Do not be afraid to talk about money with each other. Identify how each of your personalities in handling money can work for your marriage. Plan on meeting your goals and dreams together. Be realistic and use your money wisely. Don’t let the one of you be superior to the other when it comes to money. It is vital that you are both equal money earners and contributors. If you have problems managing your finances then seek help and hire an accountant/financial advisor. Try to avoid “lavish spending” regardless whether you have money or not. Discuss with one another and don’t hide any financial details from each other. If you hide then you shouldn’t be married because obviously there is no trust in such a relationship.


Family and Friends are Important Too

The secret of a happy marriage is not just between you two. Friends and family also contribute to marital bliss. If you have friends that both accept your union, then chances are higher for you to have a long lasting marriage than when you have no friends or family to turn to or look up to. Having friends and family relieves the pressure off from you suffering from common marital problems like boredom, loss of interest etc. If you have issues do not keep it to yourself but instead let it all out. Make it work, even if it equates to marriage counselling. It helps if you talk about your issues with your partner, your friends, and even with your family. Bear this in mind that marriage is not as easy as any one may think.


Make Everyday Different, Change Your Routine

Don't be afraid to talk about changing things and making plans. You can change roles and scratch off the traditional way, go ahead and exchange housework and divide work fairly. Be spontaneous, be flirty with one another, play a sport or go sailing or anything that you don’t normally do. Share each other’s hobbies and interest. For example if you like golf and your other half like football then participate in each other’s hobbies. Go to a golf game or play fantasy football, whatever to keep you active and motivated.


No Secrets, No lies.

Do not expect your spouse to be a mind reader. At first you will feel uncomfortable to share your feelings, your thoughts, desires, and expectations. But in time, you must develop trust to your partner just as they develop trust towards you. This is important because together you can create a bond where he or she can reveal his or her emotions, thoughts, ideas, and expectations without any reservations. Be a good listener if he or she only needs a listening ear. Acceptance, deeper understanding, knowing that you’re safe and that you’re closer is the result of an open, honest talk and “really” listening to your partner.
Before you got married, you may have kept secrets from each other. Please understand that every marriage has secrets, but secrets do not remain hidden for long. Sooner or later secrets always come out in the least expected way. So, it is much better for both of you to let it all out in the open to spare yourself the misery of discovering a secret.

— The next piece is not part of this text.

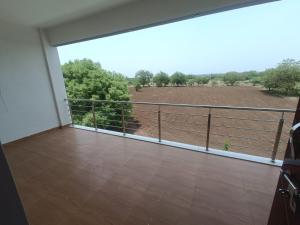 a large balcony with a view of a field at Matoshree Guesthouse in Akalkot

Do not lie to one another. Lying is one common trait in every marriage and although you can get away with a few white lies, those white lies pile up to the point where you just can’t lie anymore. As they say, honesty is the best policy, so use that policy in your marriage.

So, if you’ve been wondering why your marriage is on the rocks, have a look through these simple ideologies and relate to the ones that affect you and fix it. Marriage was invented so that the two people involved would be happy and it can still be the case. It’s up to you and your partner and the circumstances that led you to marriage. There are people out there that have been married for over 80 years, so it is possible to have a happy marriage. All you need is perseverance, patience, love and tolerance!

Remember your vows - “to be one heart and one soul, from this day forward, for better, for worse, for richer, for poorer, in sickness and in health, until death do us part.” Giving up marriages has become an option for a lot of people but it shouldn’t be that way. Marriage is binding so if you can’t handle it, then don’t get married!